Lazard Structures Ecuador Bond

January 24, 2012

Ecuador is in talks with Bermuda-based Lazard Ltd. and New York’s Clifford Chance LLP to structure a new bond sale after receiving a loan commitment from China last month for at least $1 billion, helping finance a budget deficit that’s projected to reach $4.23 billion this year.

This will be the South American country’s first global sale since it defaulted on $3.2 billion of bonds three years ago. The government is seeking yields of no more than seven percent, the Bloomberg financial news network reports today [Jan. 24].

The yield on Ecuador’s 9.375 percent bonds maturing in 2015 has fallen 105 basis points, or 1.05 percentage point, to 9.29 percent in the past year through yesterday, according to JPMorgan Chase & Co.

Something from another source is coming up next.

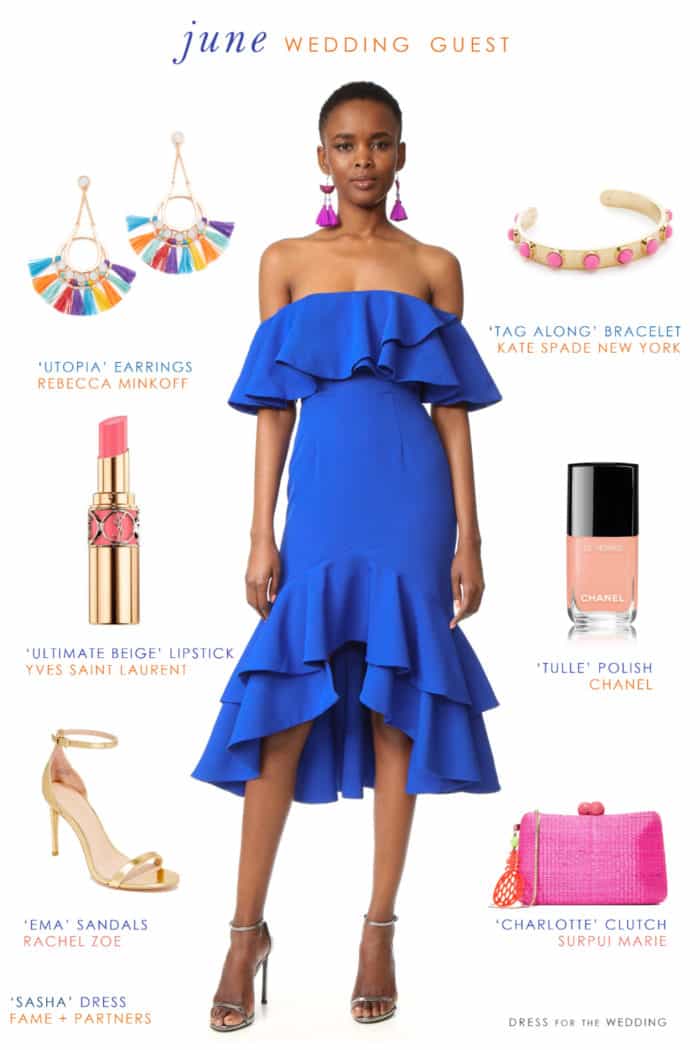 cobalt blue wedding guest outfit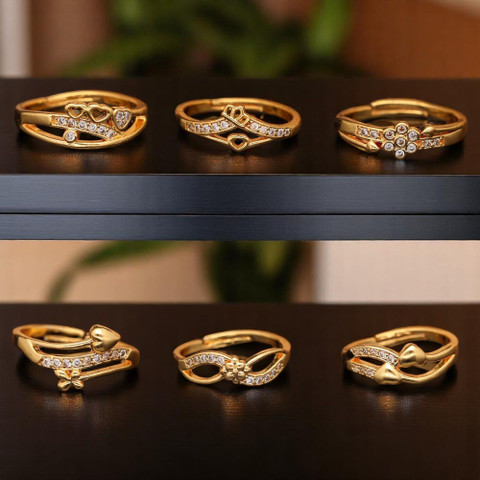 brado jewellery Combo of Ad (American diamond) Adjustable Rings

Since Ecuador’s default, the government has borrowed about $7.25 billion from China in exchange for future oil exports, tapped the nation’s public pension fund and raised taxes on companies including oil producers and banks to finance the budget.

Bermuda-headquartered Lazard Ltd.offers financial advisory and asset management services from some 40 offices in the Americas, Asia, Australia, and Europe.

Its investment banking arm provides advice on mergers and acquisitions, strategy, and restructuring and corporate finance services; specialties include the consumer, health care, energy, real estate, media, and telecommunications sectors.

Lazard has some $155 billion in assets under management, most of it in international equities; it primarily serves institutional investors as well as governments and wealthy individuals.